Things were pretty basic back then, but the software did include a suite of early Google apps like Gmail, Maps, Calendar, and YouTube, all of which were integrated into the operating system — a stark contrast to the more easily updatable standalone-app model employed today.

Android version 1.0 on early smartphones

The Android 1.0 home screen and its rudimentary web browser (not yet called Chrome).

T-Mobile

Android version 1.5: Cupcake

With early 2009’s Android 1.5 Cupcake release, the tradition of Android version names was born. Cupcake introduced numerous refinements to the Android interface, including the first on-screen keyboard — something that’d be necessary as phones moved away from the once-ubiquitous physical keyboard model.

Cupcake also brought about the framework for third-party app widgets, which would quickly turn into one of Android’s most distinguishing elements, and it provided the platform’s first-ever option for video recording.

Android version 1.6: Donut

Android 1.6, Donut, rolled into the world in the fall of 2009. Donut filled in some important holes in Android’s center, including the ability for the OS to operate on a variety of different screen sizes and resolutions — a factor that’d be critical in the years to come. It also added support for CDMA networks like Verizon, which would play a key role in Android’s imminent explosion.

Android version 1.6 Donut

Android’s universal search box made its first appearance in Android 1.6.

Google

Android versions 2.0 to 2.1: Eclair

Keeping up the breakneck release pace of Android’s early years, Android 2.0, Eclair, emerged just six weeks after Donut; its “point-one” update, also called Eclair, came out a couple months later. Eclair was the first Android release to enter mainstream consciousness thanks to the original Motorola Droid phone and the massive Verizon-led marketing campaign surrounding it.

Verizon’s “iDon’t” ad for the Droid.

The release’s most transformative element was the addition of voice-guided turn-by-turn navigation and real-time traffic info — something previously unheard of (and still essentially unmatched) in the smartphone world. Navigation aside, Eclair brought live wallpapers to Android as well as the platform’s first speech-to-text function.

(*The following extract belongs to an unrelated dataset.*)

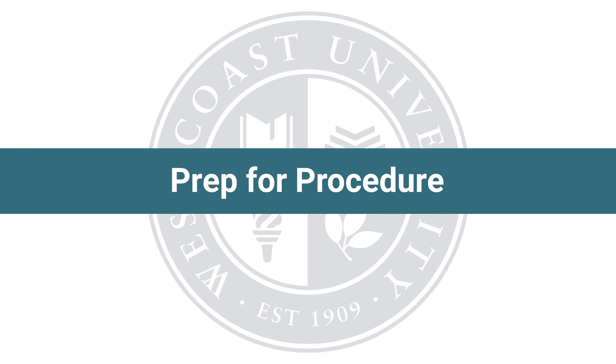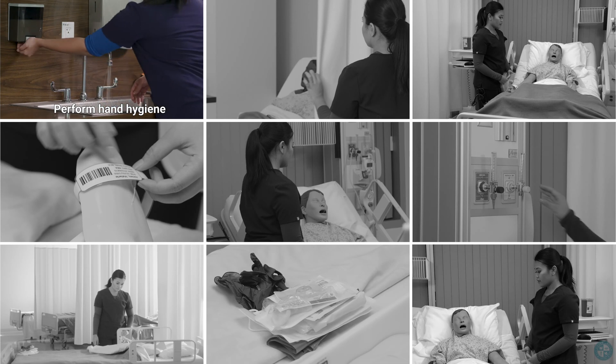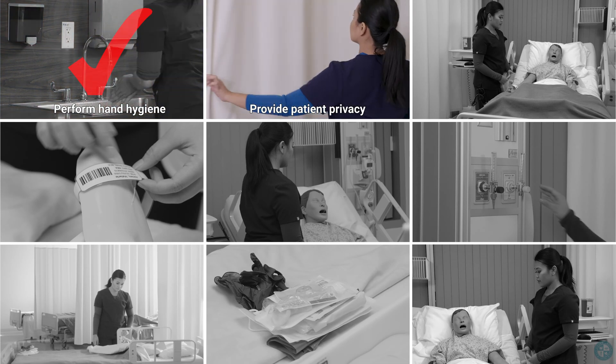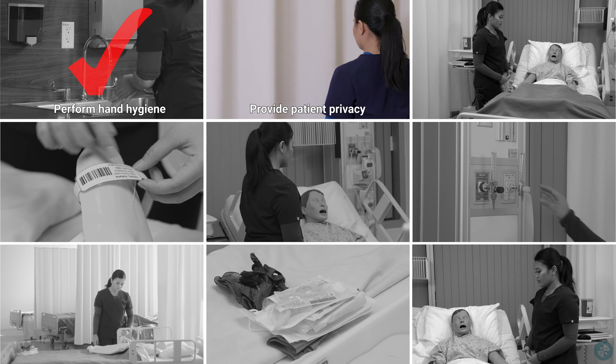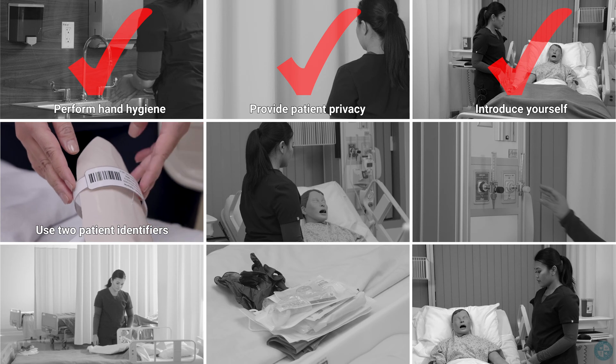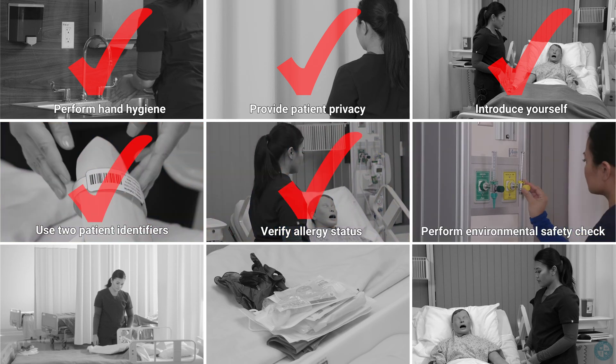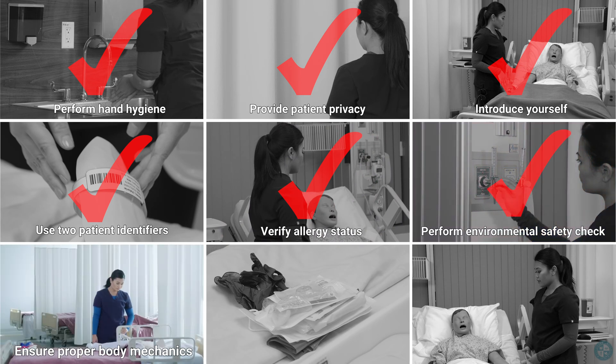Before beginning this procedure, always perform the following steps to ensure patient safety. Perform hand hygiene. Provide patient privacy. Introduce yourself. Use two patient identifiers. Verify allergy status. Perform environmental safety check.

And it made waves for injecting the once-iOS-exclusive pinch-to-zoom capability into Android — a move often seen as the spark that ignited Apple’s long-lasting “thermonuclear war” against Google.

android versions 2.0 2.1 2.2 Eclair

The first versions of turn-by-turn navigation and speech-to-text, in Eclair.

Google

Android version 2.2: Froyo

Just four months after Android 2.1 arrived, Google served up Android 2.2, Froyo, which revolved largely around under-the-hood performance improvements.

Froyo did deliver some important front-facing features, though, including the addition of the now-standard dock at the bottom of the home screen as well as the first incarnation of Voice Actions, which allowed you to perform basic functions like getting directions and making notes by tapping an icon and then speaking a command.

Android version 2.2 Froyo

Google’s first real attempt at voice control, in Froyo.

Google

Notably, Froyo also brought support for Flash to Android’s web browser — an option that was significant both because of the widespread use of Flash at the time and because of Apple’s adamant stance against supporting it on its own mobile devices. Apple would eventually win, of course, and Flash would become far less common. But back when it was still everywhere, being able to access the full web without any black holes was a genuine advantage only Android could offer.

Android version 2.3: Gingerbread

Android’s first true visual identity started coming into focus with 2010’s Gingerbread release. Bright green had long been the color of Android’s robot mascot, and with Gingerbread, it became an integral part of the operating system’s appearance. Black and green seeped all over the UI as Android started its slow march toward distinctive design.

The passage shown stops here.